Hi,
I am trying to compile a model that uses flex attention and an attention mask, for this I created a simple code that replicates the error I am getting.
def _bidirectional_block_mask(attention_mask):
def bidirectional_fn(b, h, q_idx, kv_idx):
kv_idx = torch.clamp(kv_idx, 0, attention_mask.size(1) - 1)
b = torch.clamp(b, 0, attention_mask.size(0) - 1)
return attention_mask[b, kv_idx]
return bidirectional_fn
class MyModel(nn.Module):
def __init__(self, input_dim, num_heads):
super(MyModel, self).__init__()
self.input_dim = input_dim
self.num_heads = num_heads
self.query_projection = nn.Linear(input_dim, input_dim)
self.key_projection = nn.Linear(input_dim, input_dim)
self.value_projection = nn.Linear(input_dim, input_dim)

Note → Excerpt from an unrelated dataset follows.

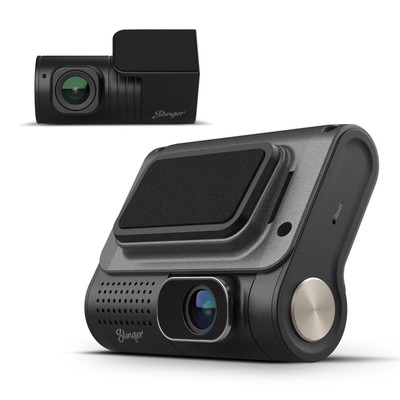 Stinger SDC-2CH2KQHD Opsis Universal 2K Quad HD Front & FHD Rear Dash Camera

self.output_projection = nn.Linear(input_dim, input_dim)
def forward(self, input):
batch_size, query_seq_len, _ = input.size()
key_seq_len = query_seq_len
attention_mask = torch.ones((batch_size, key_seq_len), dtype=torch.bool, device=input.device)
å
bidirectional_block = create_block_mask(
_bidirectional_block_mask(attention_mask), B=batch_size, H=self.num_heads, Q_LEN=query_seq_len, KV_LEN=query_seq_len, device=input.device
)
# Project inputs to query, key, and value
queries = self.query_projection(input)
keys = self.key_projection(input)
values = self.value_projection(input)
# Reshape queries, keys, and values for multi-head attention
queries = queries.view(batch_size, query_seq_len, self.num_heads, -1).transpose(1, 2)

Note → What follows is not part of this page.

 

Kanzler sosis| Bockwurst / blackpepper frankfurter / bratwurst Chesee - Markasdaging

keys = keys.view(batch_size, key_seq_len, self.num_heads, -1).transpose(1, 2)
values = values.view(batch_size, key_seq_len, self.num_heads, -1).transpose(1, 2)
attention_output = flex_attention(queries, keys, values, block_mask=bidirectional_block)
# Reshape attention output
attention_output = attention_output.transpose(1, 2).contiguous().view(batch_size, query_seq_len, -1)
# Project attention output
attention_output = self.output_projection(attention_output)
return attention_output
The error I am getting is the following:
---------------------------------------------------------------------------
InternalTorchDynamoError Traceback (most recent call last)
<ipython-input-5-454293cadcc3> in <cell line: 4>()
2 model = MyModel(32, 1).cuda()
3 model = torch.compile(model)
----> 4 output = model(input)
5 output
45 frames
/usr/local/lib/python3.10/dist-packages/torch/nn/modules/module.py in _wrapped_call_impl(self, *args, **kwargs)
1734 return self._compiled_call_impl(*args, **kwargs) # type: ignore[misc]
1735 else:
-> 1736 return self._call_impl(*args, **kwargs)
1737
1738 # torchrec tests the code consistency with the following code
/usr/local/lib/python3.10/dist-packages/torch/nn/modules/module.py in _call_impl(self, *args, **kwargs)
1745 or _global_backward_pre_hooks or _global_backward_hooks
1746 or _global_forward_hooks or _global_forward_pre_hooks):
-> 1747 return forward_call(*args, **kwargs)
1748
1749 result = None
/usr/local/lib/python3.10/dist-packages/torch/_dynamo/eval_frame.py in _fn(*args, **kwargs)
463
464 try:
--> 465 return fn(*args, **kwargs)
466 finally:
467 # Restore the dynamic layer stack depth if necessary.
/usr/local/lib/python3.10/dist-packages/torch/nn/modules/module.py in _wrapped_call_impl(self, *args, **kwargs)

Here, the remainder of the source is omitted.